Cannage XO, 2020
Black Rattan, steam beant table base by Derek Hennigar
Confessions of a shameless chair nerd. I am a 4th generation chair caner, an archivist, and an ambassador of the craft of Chair Caning & Seat Weaving. I have woven thousands of chairs with stories to tell. They are personal and functional, a snapshot in time and of the people who use them. I made it my mission to cull obscure information (from paintings, mentions in decorative arts case studies, images in books and on tv) and incorporate this unofficial history into my weaving classes. From Mid-Century Scandinavia to Middle Kingdom Egypt, woven chairs’ fascinating history is often overlooked in a piece of furniture used every day.

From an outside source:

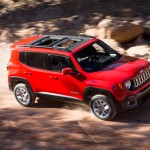 Jeep Renegade com teto solar - fufao teto solar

Weaving Tradition in New Designs. An infinite variety of patterns, materials, shapes, and construction elements are represented in this traditional craft. A comprehensive education is a decades-long endeavor. Woven chairs are trending in a big way in the 21st century. People are hungry to make, learn, and innovate. This caned table base is the result of a collaboration with Derek Hennigar of Ordinary Furniture for the Inspiration exhibit at the Folk Art Center in Asheville, NC. I love that it is not a chair.
Made of steam bent laminate oak, I thought that dyed black rattan would look posh and break with tradition as Derek has done with his tables. The vertically oriented 6-way pattern reminds me of a corset, a throwback to history in a very contemporary design. I was challenged by the curves themselves and bridging of each side with a central panel. I am immensely gratified that the suspended pattern was executed without losing the integrity of the traditional 6-way pattern. I love how the four panels of cane are separate yet continuous. I want to see what other impossible shapes can be caned.
Silver River Center for Chair Caning is an Official Education Center of the Southern Highland Craft Guild. Brandy Clements & Dave Klingler created a chair caning museum and school to educate the masses and to show the diversity of the ancient and global craft. They attend conferences to learn the academic side of chair history and design and they travel across the US & UK to study in museums and with contemporary craftspeople. They demonstrate at galleries, museums, schools, conferences, and craft shows, as well as daily in their River Arts District studio. Classes are available online, in person at Silver River, and on location at esteemed venues like Arrowmont and John C. Campbell Folk School. They teach kids, adults, and unsuspecting strangers who find themselves in their presence.